>>>

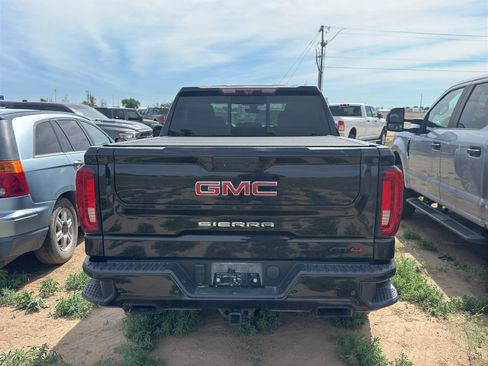 Used 2020 GMC Sierra 1500 AT4 w/ AT4 Premium Package AWD/4WD image 3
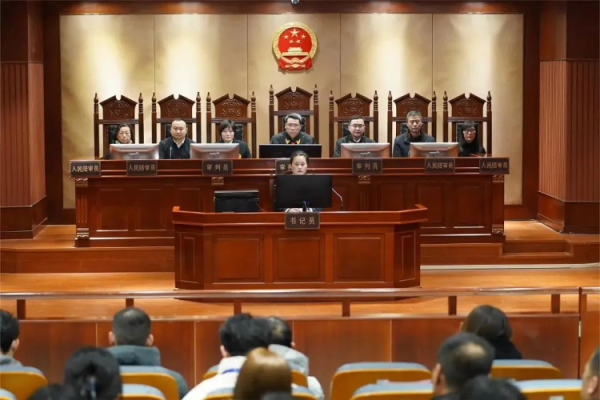 米涂配资 “开国少将被造谣成叛徒”案宣判：三名自媒体博主道歉、赔偿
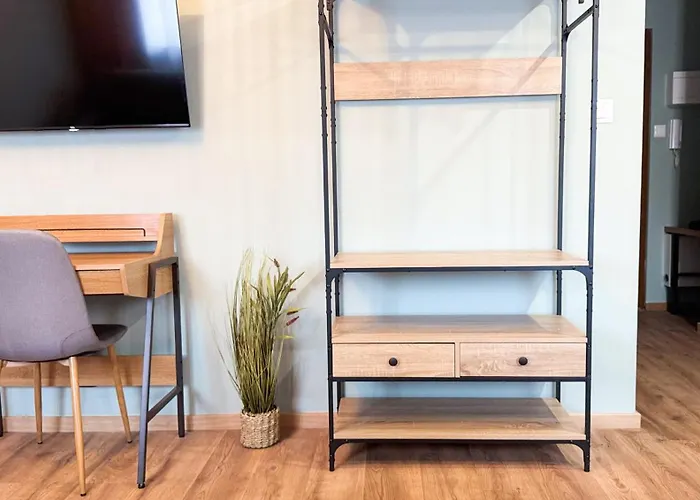 Raspberry Apartment With Balcony #Self Check-In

<<<

Exercise details. Without including a single picture, restate all of the data word for word.

Worked solution.
 Used 2020 GMC Sierra 1500 AT4 w/ AT4 Premium Package AWD/4WD image 3
 米涂配资 “开国少将被造谣成叛徒”案宣判：三名自媒体博主道歉、赔偿
 Raspberry Apartment With Balcony #Self Check-In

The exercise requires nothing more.